» YOUR INSTRUCTIONS:
In the entries below, print exactly the lines from the first through the one with "Breloque ronde ajouré", both included, and none of the pictures.
RECORDS SHOWN START
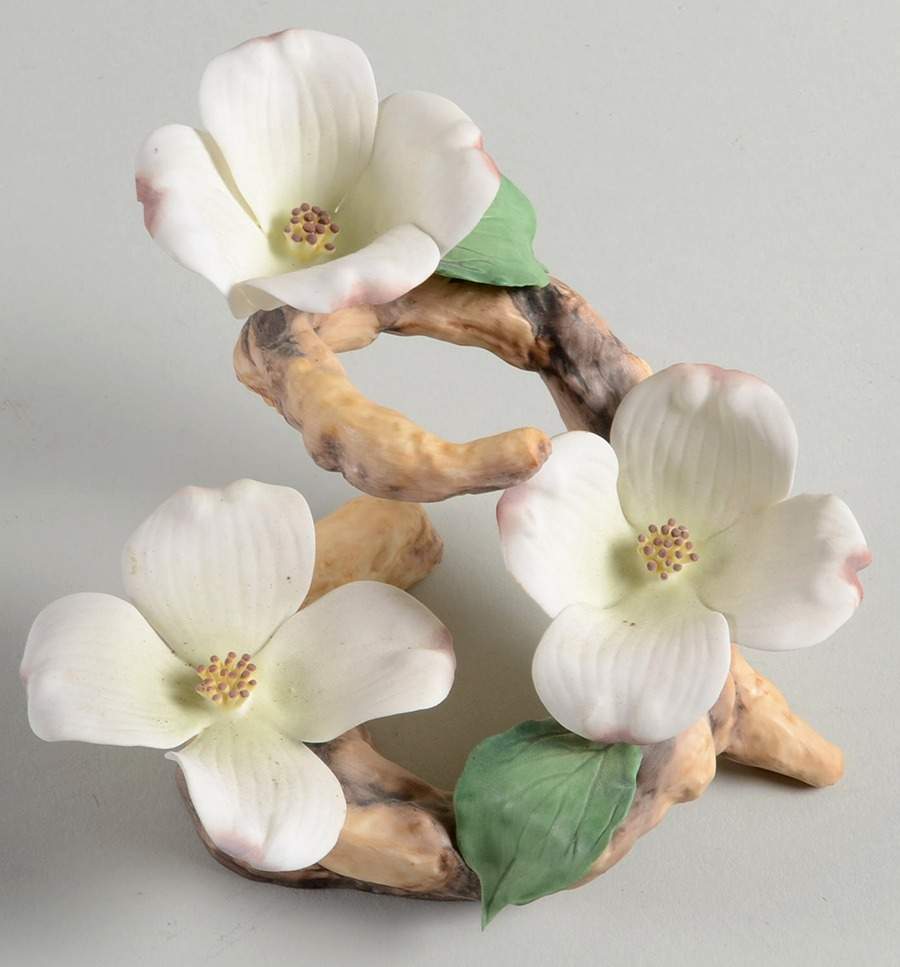 Flower Sculptures Dogwood-Three Flowers On Branch - No Box by Boehm-1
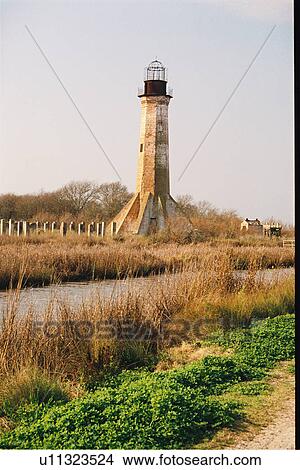 Picture - lighthouse located at Sabine Pass, Louisiana, United States. Fotosearch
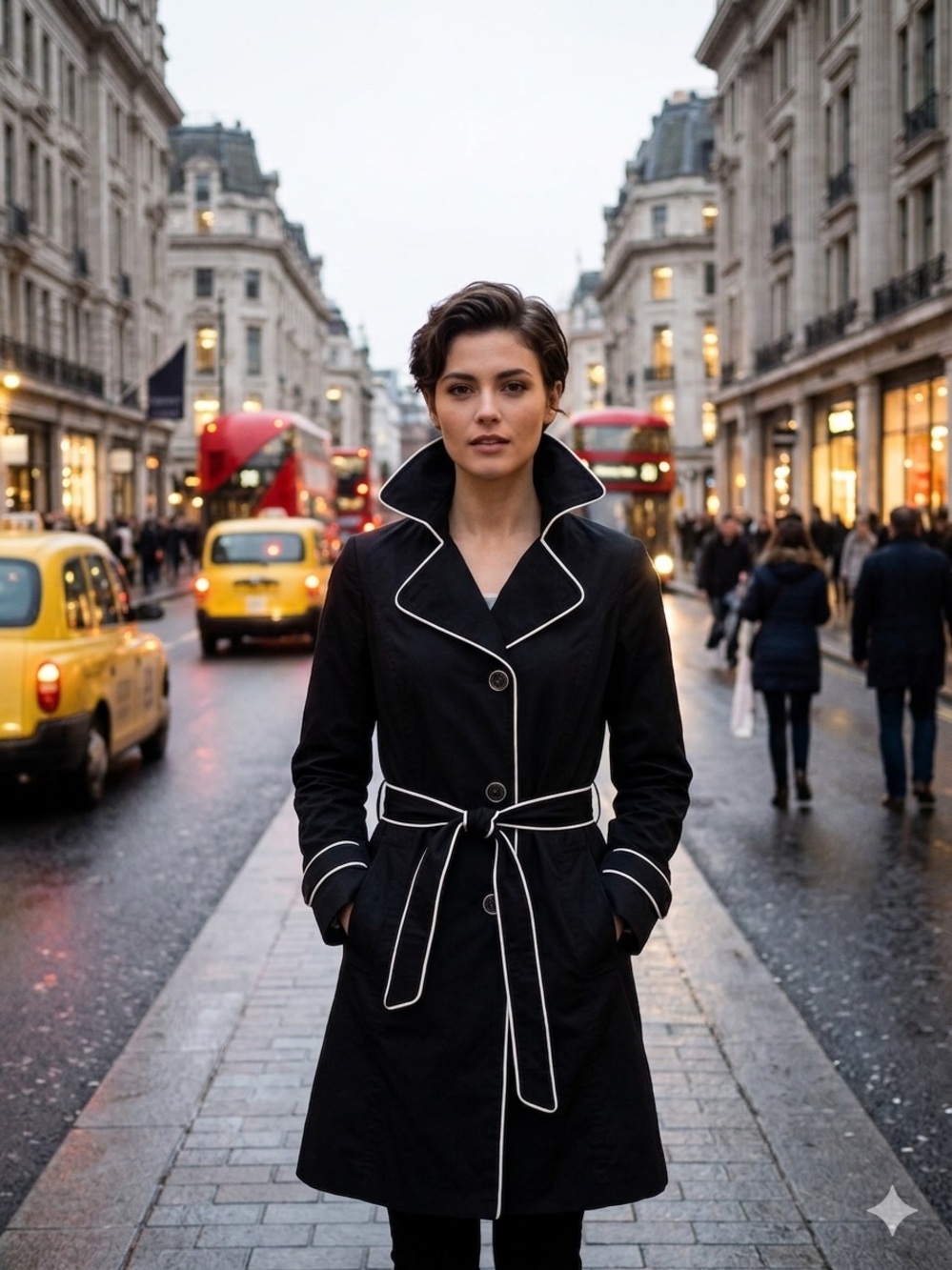 Dark Academia Tommy Hilfiger Black Trench Coat with White Piping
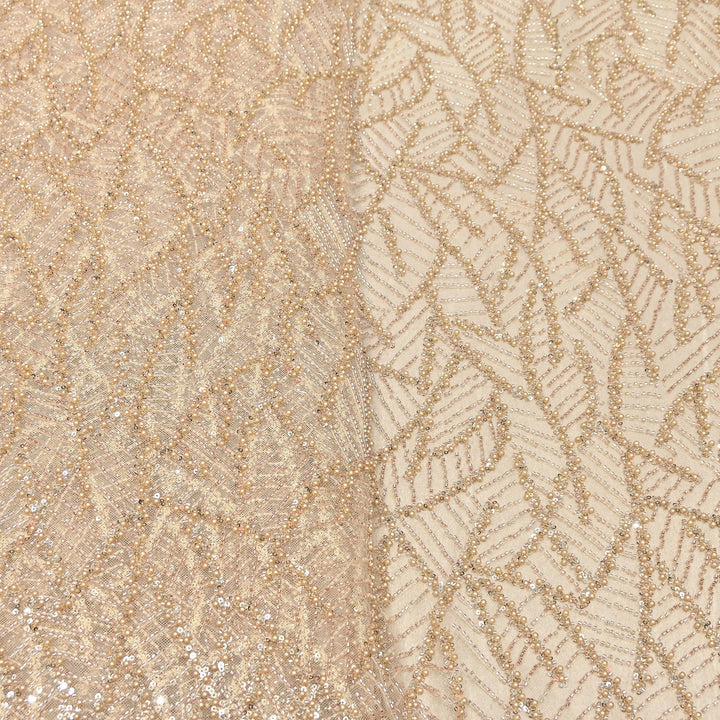 Luxury Imported Net Embroidery Fabric with Pearl, Bead & Sequin Work | MBL667-1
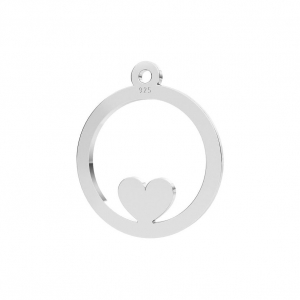 Breloque ronde ajouré Coeur 14 mm en Argent 925 x1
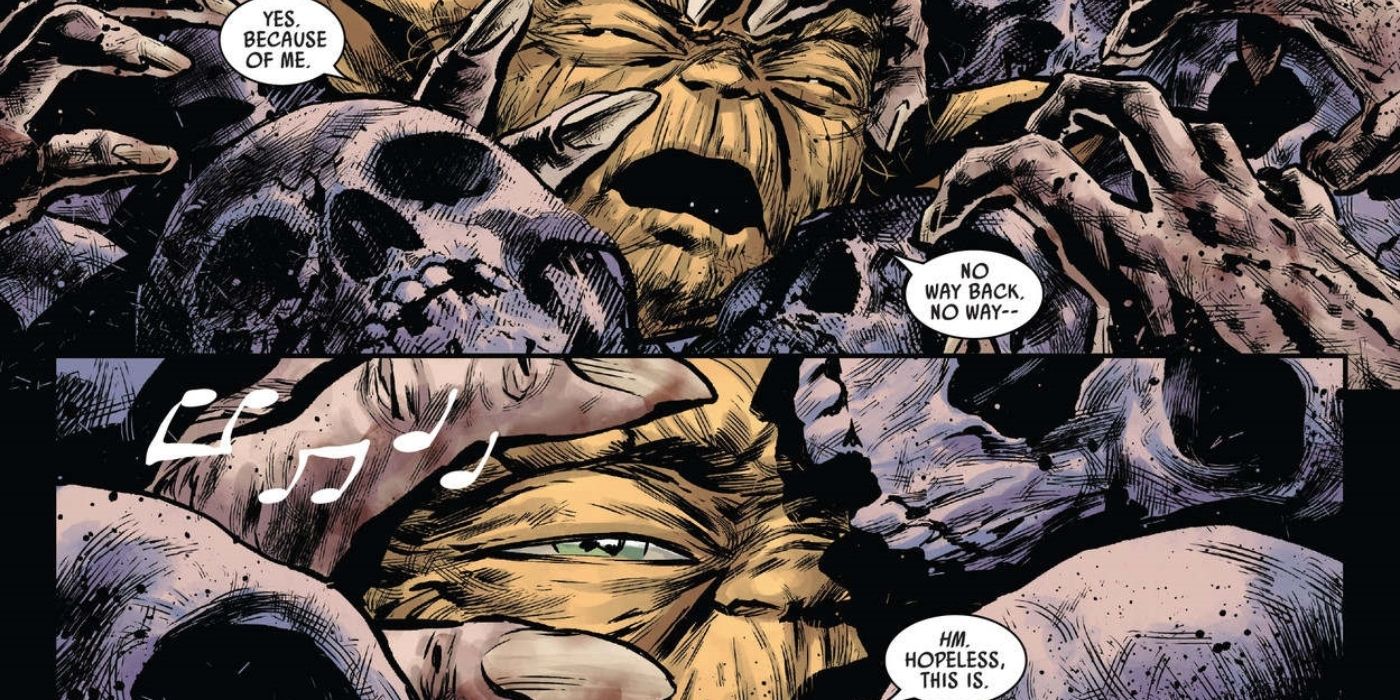 Yoda being tormented by his dark side vision.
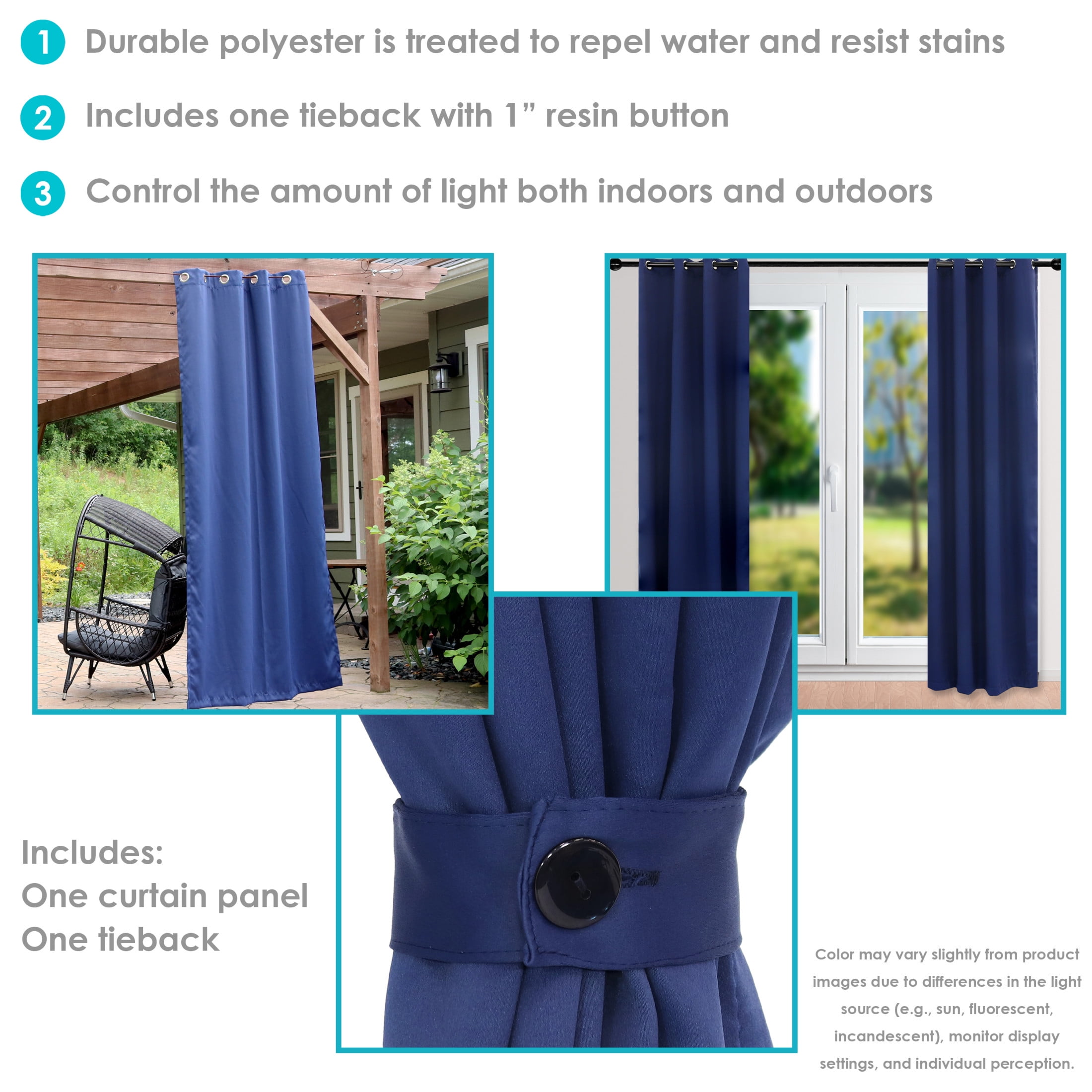 Sunnydaze Modern Blue Solid Blackout Indoor or Outdoor Curtain, 52" x 107" (1 Panel)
RECORDS SHOWN END
» RESPONSE:
 Flower Sculptures Dogwood-Three Flowers On Branch - No Box by Boehm-1
 Picture - lighthouse located at Sabine Pass, Louisiana, United States. Fotosearch
 Dark Academia Tommy Hilfiger Black Trench Coat with White Piping
 Luxury Imported Net Embroidery Fabric with Pearl, Bead & Sequin Work | MBL667-1
 Breloque ronde ajouré Coeur 14 mm en Argent 925 x1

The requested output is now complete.